Generation Mechanism of Linear and Angular Ball Velocity in Baseball Pitching ^†

Abstract

The purpose of this study was to quantify the functional roles of the whole-body’s joint torques including fingers’ joints in the generation of ball speed and spin during baseball fast-ball pitching motion. The dynamic contributions of joint torque term, gravitational term, and motion-dependent term (MDT) consisting of centrifugal force and Coriolis force, to the generation of the ball variables were calculated using two types of models. Motion and ground reaction forces of a baseball pitcher, who was instructed to throw a fastball into the target, were measured with a motion capture system with two force platforms. The results showed (1) the MDT is the largest contributor to ball speed (e.g., about 31 m/s prior to ball release) when using 16-segment model, and (2) the horizontal adduction torque of pitching-side shoulder joint plays a crucial role in generating ball speed with conversion of the MDT into other terms using a recurrence formula.

1. Introduction

Throwing a fastball would be a competitive technique of baseball pitchers. In order to obtain large ball speed, the pitchers accelerate the ball by rotating their joints through exerting joint torques (e.g., [1]). Previous studies on high-seed swing motions based on multi-body dynamics have reported that motion-dependent term, which contains centrifugal force and Coriolis force, contributes largely to the generation of distal end points such as ball or hand in baseball pitching [2,3], bat head in baseball batting [4,5], racket head in tennis service [6], and so on.

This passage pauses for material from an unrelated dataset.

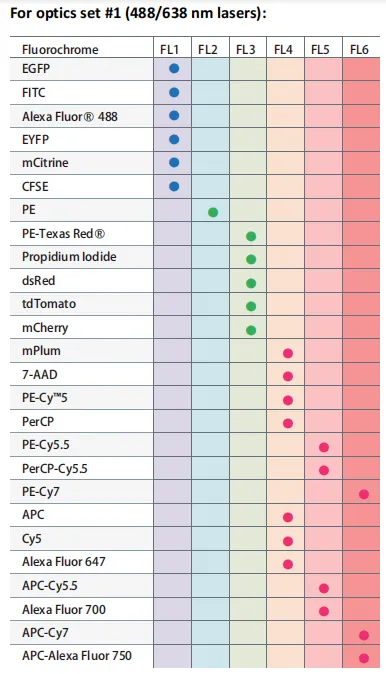 Fluorochrome detection matrix for the SONY SH800S flow cytometer using 488 nm and 638 nm lasers, showing channel compatibility for common dyes such as FITC, PE, PerCP, APC, and Cy dyes.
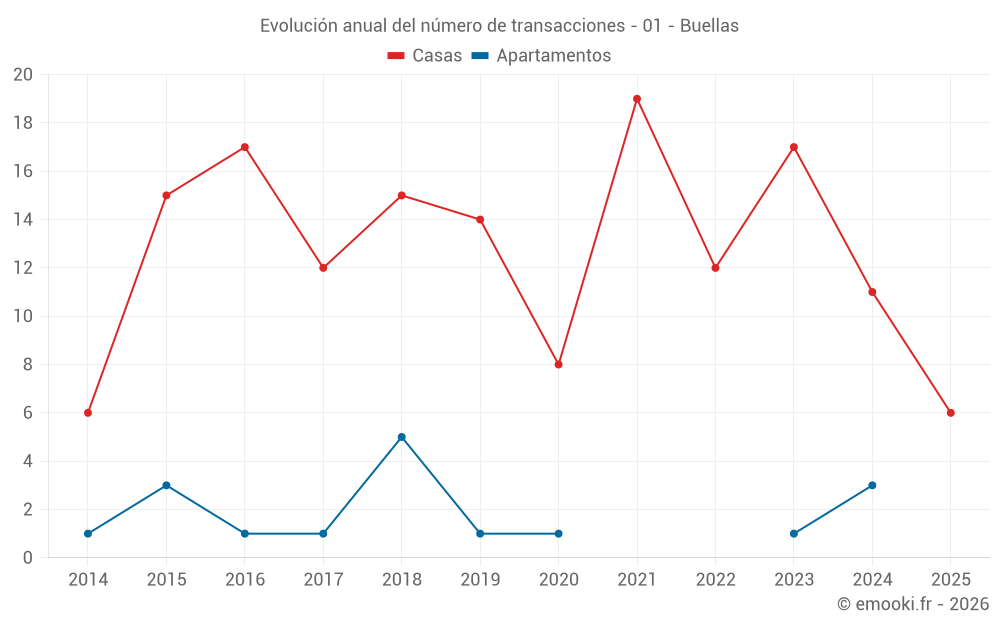 Evolución anual del número de transacciones - 01 - Buellas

This study has tried to quantify functional roles of whole-body’s joint torques including fingers’ joints in the generation of ball speed and ball angular velocity (i.e., ball-spin speed) with use of two types of human whole-body models with and without consideration of finger joints. In addition to quantification of contributions of individual terms (e.g., joint torque term and gravitational term), the generating factors of the MDT was also considered using a recurrence formula with regard to the generalized velocity vectors consisting of linear and angular velocity of all segments of the system.

2. Methods

An induced speed analysis was conducted to quantify the dynamic contribution of joint torque inputs. Since the analysis needs the equation of motion for target system as well as data of pitching motion, this section mainly explains modelling of body, derivation of the equation of motion, and quantification of dynamic contributions calculated from the equation of motion in consideration of generating factors of the MDT.

2.1. Data Collection

A male collegiate right-handed baseball pitcher was instructed to pitch a ball as fast as possible to the target settled 18 m apart from him. Three-dimensional coordinate data of the pitching motion (body: 47 markers; fingers: 11 markers; ball: 6 markers) were captured using a 20-camera motion capture system (VICON-MX, Vicon Motion Systems, Oxford, UK) operating at 500 Hz. Ground reaction forces of the individual legs were measured using two force platforms (9281A and 9287B, Kistler Instruments AG, Winterthur, Switzerland) operating at 1000 Hz. This study was approved by the institution’s ethics committee (No. 28–138).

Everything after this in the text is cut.